About Actian Corporation

Actian empowers enterprises to confidently manage and govern data at scale. Actian data intelligence solutions help streamline complex data environments and accelerate the delivery of AI-ready data. Designed to be flexible, Actian solutions integrate seamlessly and perform reliably across on-premises, cloud, and hybrid environments. Learn more about Actian, the data division of HCLSoftware, at actian.com.
Data Security

Hybrid Cloud Security

Actian Corporation

March 7, 2022

Hybrid Cloud Security padlock

One of the biggest fears of cloud adoption is the security of organizational data and information. IT security has always been an issue for all organizations, but the thought of not having total control over corporate data is frightening. One of the factors for organizations not moving everything to the cloud and adopting a hybrid cloud approach is security concerns. Hybrid cloud security architectures still have security risks related to a public cloud; however, hybrid cloud risks are higher simply because there are more clouds to protect. The trust boundary is extended beyond the organization for access to its essential critical data with hybrid cloud architectures.

Sensitive data can be kept off the public cloud to help manage risk. Doing so today may be helpful, but hybrid cloud solutions are integrations between public and private clouds. This integration without the appropriate security could still make your private cloud solution vulnerable to attacks originating from the public cloud. Secure hybrid clouds have significant benefits to organizations today. Along with the great benefits of the cloud are the negative aspects and challenges faced with securing the organizations’ data. The negative aspects are continually being addressed to help realize the incredible benefits that hybrid cloud architectures can provide for organizations today.

What is Hybrid Cloud Security?

Organizational IT infrastructures have increased in complexity, especially with hybrid cloud implementations.

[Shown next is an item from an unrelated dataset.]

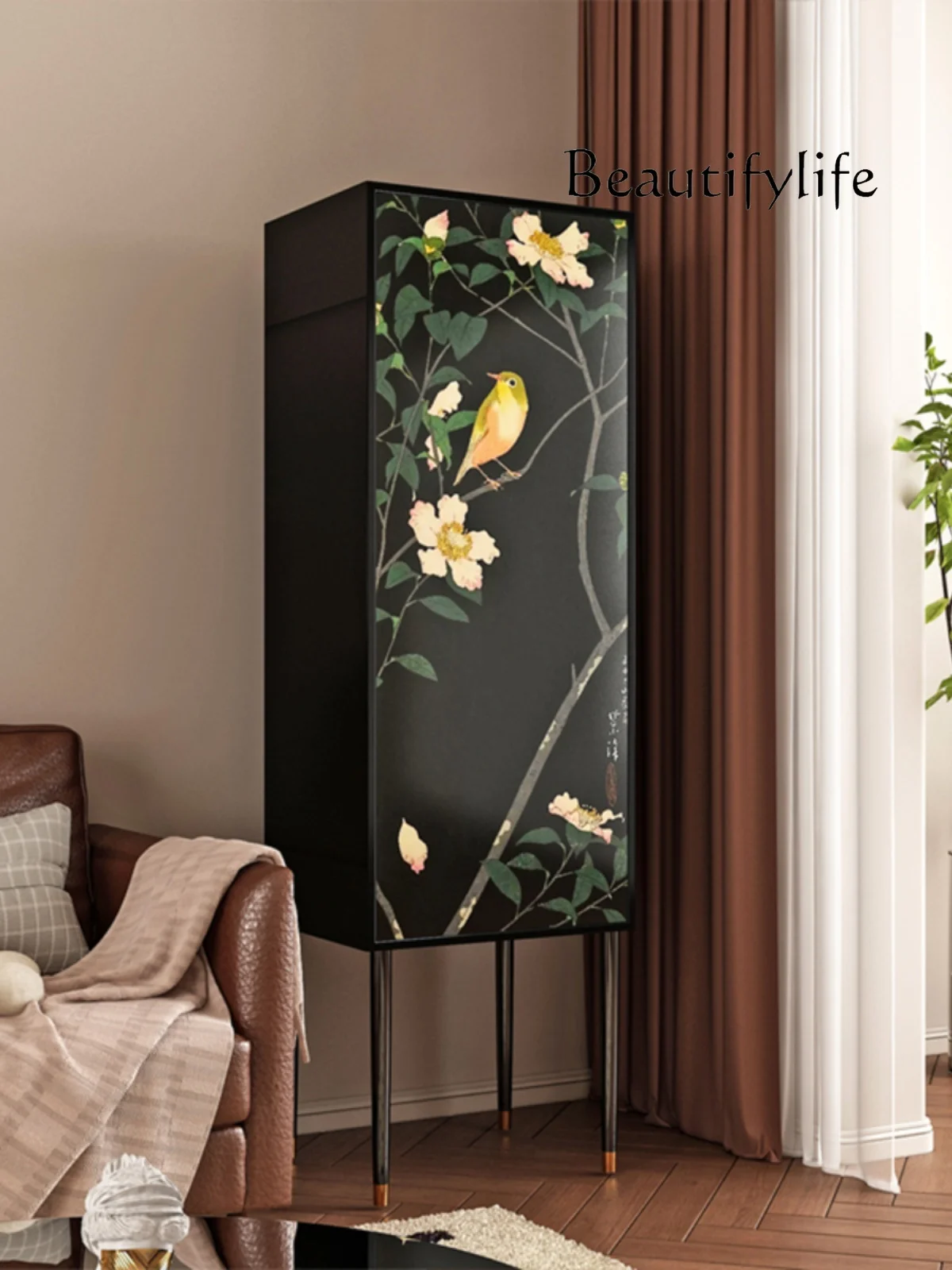 Chinese Ancient Style Flowers and Birds Painted Corner Cabinet American Retro Solid Wood Living Room Wall Storage Cabinet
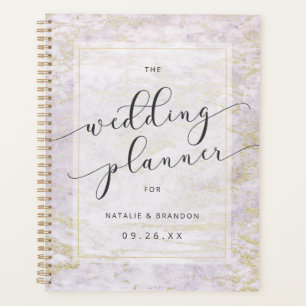 Moderne knikkers in Violet met gouden huwelijkspla Planner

This complexity, combined with the benefits of cloud having characteristics of broad network access, and on-demand everywhere access capabilities, complicates how securing a hybrid cloud can be done. Securing the data, applications, and infrastructure internally and externally from hackers’ malicious adversary tactics and inadvertent, unintentional activities are compounded.

Many cloud vendors have adopted industry compliance and governance security standards, especially those created by the US government, to ease the security threats and risks that an organization may experience in the cloud. The Federal Risk and Authorization Program (FedRAMP) provides standards and accreditations for cloud services. The Security Requirement Guide (SRG) provides security controls and requirements for cloud service in the Department of Defense (DOD). These standards and others help cloud vendors and organizations improve their hybrid cloud security.

Securing the cloud, an organization should consider the cloud architecture components that consist of applications, data, middleware, operating systems, virtualization, servers, storage, and networking components. Security concerns are specific to the service type. Organizations have a shared responsibility with the cloud service provider for security with hybrid cloud security.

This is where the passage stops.